■ **WORK REQUEST**:
Select every line below containing the word "Dress".

Stored records
● ● ● ● ●

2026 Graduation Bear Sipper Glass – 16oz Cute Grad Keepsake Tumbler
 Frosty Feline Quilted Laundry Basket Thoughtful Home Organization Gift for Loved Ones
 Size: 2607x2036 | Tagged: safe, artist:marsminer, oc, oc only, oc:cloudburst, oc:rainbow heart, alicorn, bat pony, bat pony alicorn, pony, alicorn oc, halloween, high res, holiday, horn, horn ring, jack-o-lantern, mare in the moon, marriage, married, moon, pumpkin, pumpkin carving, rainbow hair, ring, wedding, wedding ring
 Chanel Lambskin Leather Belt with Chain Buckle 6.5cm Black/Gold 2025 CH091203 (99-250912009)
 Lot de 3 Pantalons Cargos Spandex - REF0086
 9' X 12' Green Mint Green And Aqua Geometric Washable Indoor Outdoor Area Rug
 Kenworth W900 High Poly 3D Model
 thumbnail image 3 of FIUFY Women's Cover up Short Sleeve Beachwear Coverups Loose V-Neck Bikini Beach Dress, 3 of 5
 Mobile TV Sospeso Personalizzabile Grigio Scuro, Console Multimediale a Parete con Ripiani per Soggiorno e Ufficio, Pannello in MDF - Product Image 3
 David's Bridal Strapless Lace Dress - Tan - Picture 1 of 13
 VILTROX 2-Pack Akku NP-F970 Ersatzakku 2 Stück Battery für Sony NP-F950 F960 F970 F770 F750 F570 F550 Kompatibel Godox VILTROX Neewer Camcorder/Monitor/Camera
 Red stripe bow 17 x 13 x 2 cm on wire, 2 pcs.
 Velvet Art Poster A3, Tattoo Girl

● ● ● ● ●

■ **FINAL ANSWER**:
 thumbnail image 3 of FIUFY Women's Cover up Short Sleeve Beachwear Coverups Loose V-Neck Bikini Beach Dress, 3 of 5
 David's Bridal Strapless Lace Dress - Tan - Picture 1 of 13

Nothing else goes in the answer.